Es cierto, las hiedras cubren los troncos de los olmos, se encaraman a ellos con un trazado de rayos jalonados de minúsculas hojas y con el tiempo se van espesando hasta dibujar en verde su perfil contra el cielo. Las líneas de sus raíces van tomando fuerza y como serpientes se enrollan en el tronco que poco a poco no podrá respirar, ni crecer, y finalmente, ni vivir, bello, sí, hermoso en su romántica figura de ser para otro, arropado en invierno y verano por hojas lustrosas, tan hermosas que ningún jardinero se atreve jamás a cortar. Con el tiempo no habrá rama ni vástago que no esté cubierto por la hiedra y las pequeñas hojas del árbol que osan salir todavía con las últimas gotas de savia que desde la raíz suben por el tronco estrangulado, se secarán mucho antes del otoño y ni la lluvia de la primavera que caerá sólo para dar lustre a la hiedra podrá reanimarlas. Así languidece el árbol. Pero poco importa a la hiedra que viva o muera porque lo único que necesita es el soporte, o la estructura, sin el cual no haría sino desparramarse por el suelo sin alcanzar altura jamás. Con él, en cambio, puede competir, trepar y lograr su mismo encumbramiento. Hasta que ahogado por ella, cederá lentamente el tronco y cuando ya ni muerto pueda sostenerse en pie, arrastrará en su caída a la hiedra, que perecerá o reptará inútilmente sobre la tierra.

Apoyó la frente sobre la mano que seguía agarrada a la suya y atónito ante su propia incapacidad de prever la reacción y las palabras de su mujer, las únicas en las que no había pensado, lloró arrimado a ella como en los tiempos del mar.

—¿Por qué no me dijiste que habías matado al perro, corazón?

Martín se incorporó incrédulo y de pronto sintió vergüenza, como si todos los presentes pudieran haber comprendido las palabras de Andrea. Pero nadie había reparado en ellas. El cabo había salido, el doctor empujaba a los soldados y a Pepone fuera de la habitación y Martín, sin apenas tener tiempo de buscar las palabras que iba a decir, se encontró en la puerta, sosteniendo aún con su mano la mano de Andrea que no quería desprenderse de la suya.

La mujer y el médico se despidieron del cabo y de Martín. El médico se quedó en el consultorio y ella siguió hacia el fondo, y cuando Martín, flanqueado aún por los soldados, ya iba a salir del hospital, al oír los pasos que se alejaban, consciente quizá de una presencia en la que no había reparado hasta ahora, torció la cabeza para buscarla, ella ya había llegado al final del pasillo, había entrado en el cuarto del fondo y había cerrado la puerta sin hacer ruido.

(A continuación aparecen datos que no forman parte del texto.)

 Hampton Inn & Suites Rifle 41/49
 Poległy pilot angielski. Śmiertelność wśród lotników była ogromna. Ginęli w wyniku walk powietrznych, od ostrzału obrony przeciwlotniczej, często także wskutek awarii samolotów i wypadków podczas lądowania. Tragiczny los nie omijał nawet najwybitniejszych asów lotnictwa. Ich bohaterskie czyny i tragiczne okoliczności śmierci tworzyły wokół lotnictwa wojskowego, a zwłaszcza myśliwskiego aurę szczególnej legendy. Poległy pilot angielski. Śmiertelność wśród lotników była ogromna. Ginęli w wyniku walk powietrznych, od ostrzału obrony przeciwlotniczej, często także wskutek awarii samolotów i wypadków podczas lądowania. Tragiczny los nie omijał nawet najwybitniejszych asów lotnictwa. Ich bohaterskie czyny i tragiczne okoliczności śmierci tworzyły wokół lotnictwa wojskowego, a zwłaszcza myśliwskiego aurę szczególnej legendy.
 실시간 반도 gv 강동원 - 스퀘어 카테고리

Ya en la entrada del cuartelillo, cuando Pepone que caminaba junto a uno de los soldados le dijo que se le iba a juzgar por matar al perro del pope, Martín creyó que no le había comprendido. En aquel momento Leonardus salía del cuartel, una réplica del hospital aunque más sucio y con la bandera azul y blanca en lugar de la cruz roja y la media luna roja. Se despedía sonriente del cabo que se les había adelantado y del pope y les daba palmadas en la espalda como si fueran viejos amigos. Entonces le vio, se detuvo un instante y le indicó con un gesto que todo estaba arreglado.

—Te espero en el barco —añadió y desapareció calle abajo.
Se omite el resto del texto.